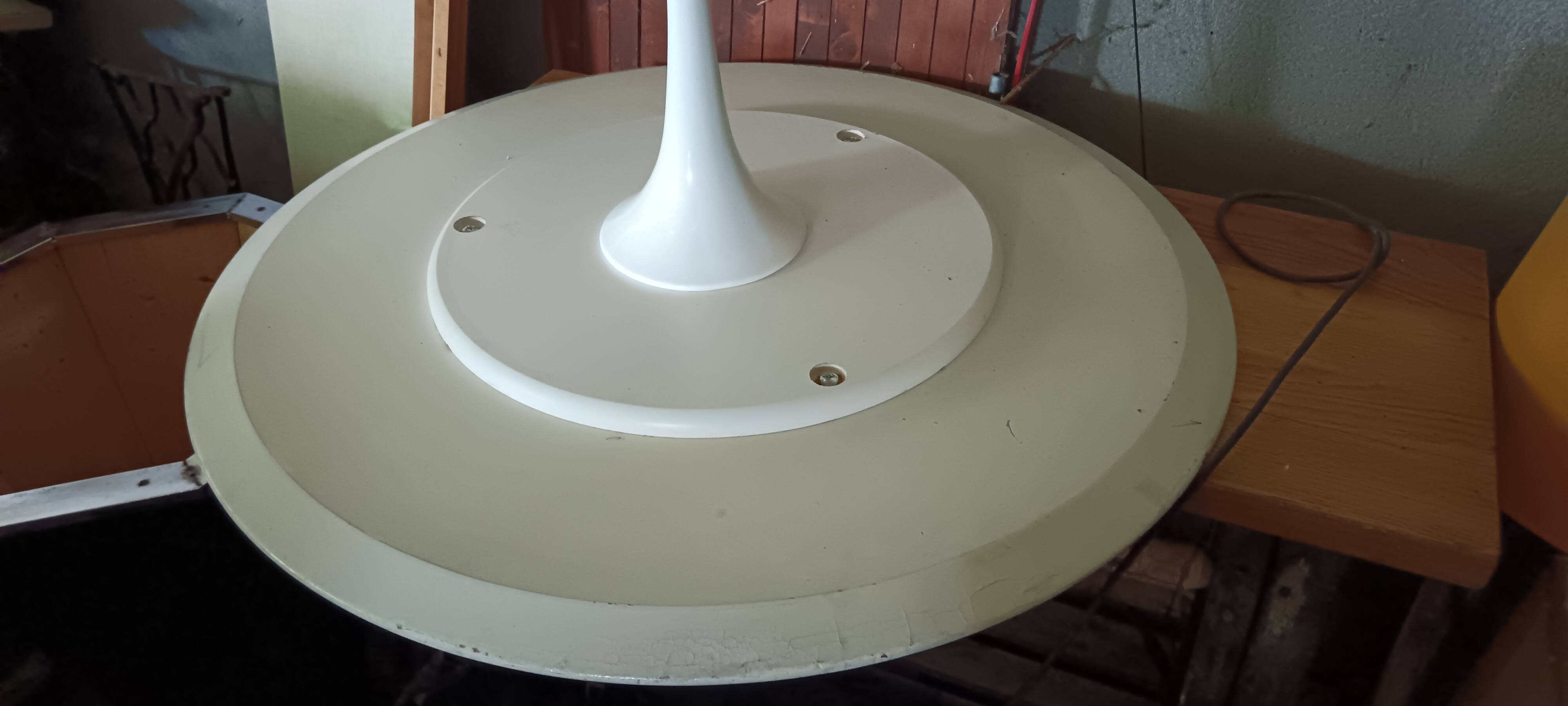 Authentic Eero Saarinen Tulip Coffee Table – White Laminate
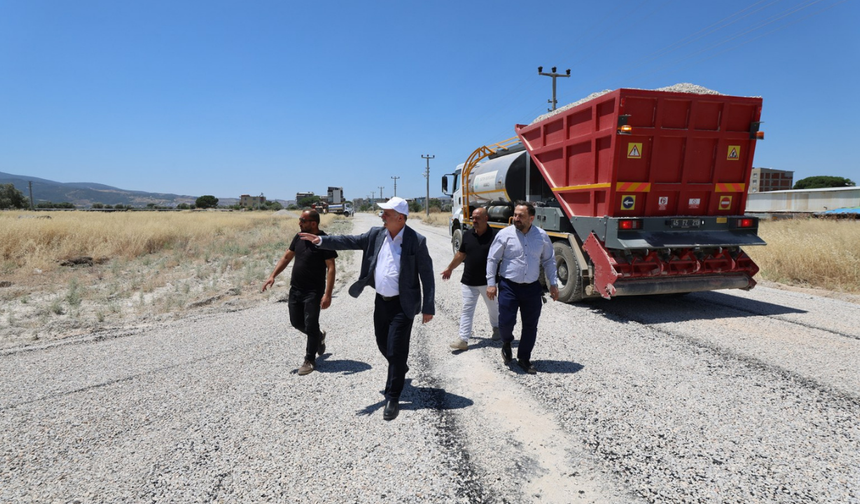 Başkan Balaban Karaali'de süren asfalt çalışmalarını yerinde inceledi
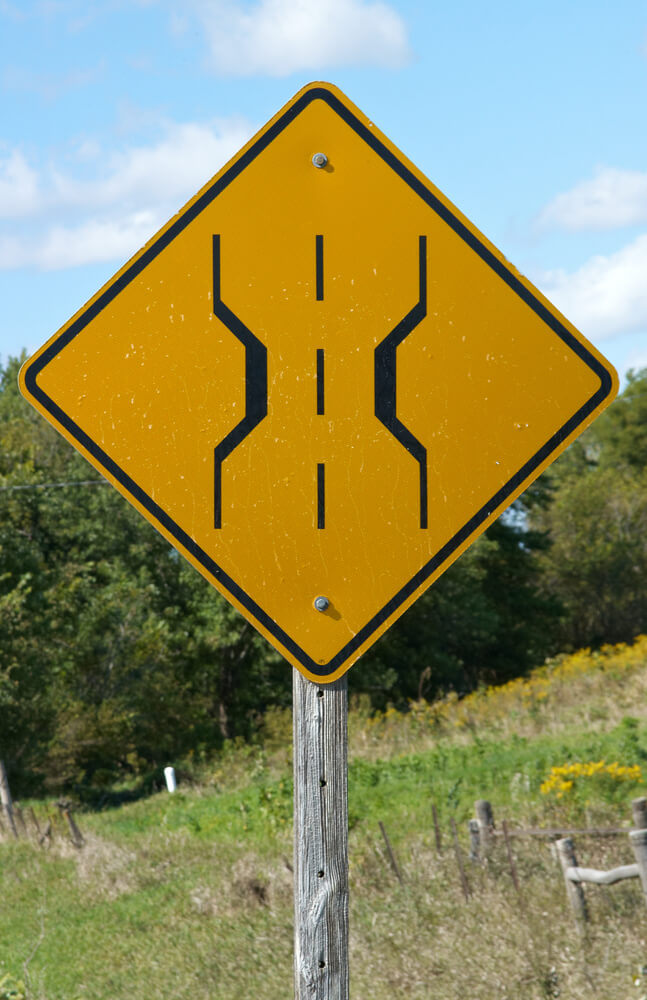 Narrow Bridge Sign: What Does it Mean?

> **Exercise aim**
Repeat the material above in full and exactly, apart from the pictures.

> **Your solution**
 Authentic Eero Saarinen Tulip Coffee Table – White Laminate
 Başkan Balaban Karaali'de süren asfalt çalışmalarını yerinde inceledi
 Narrow Bridge Sign: What Does it Mean?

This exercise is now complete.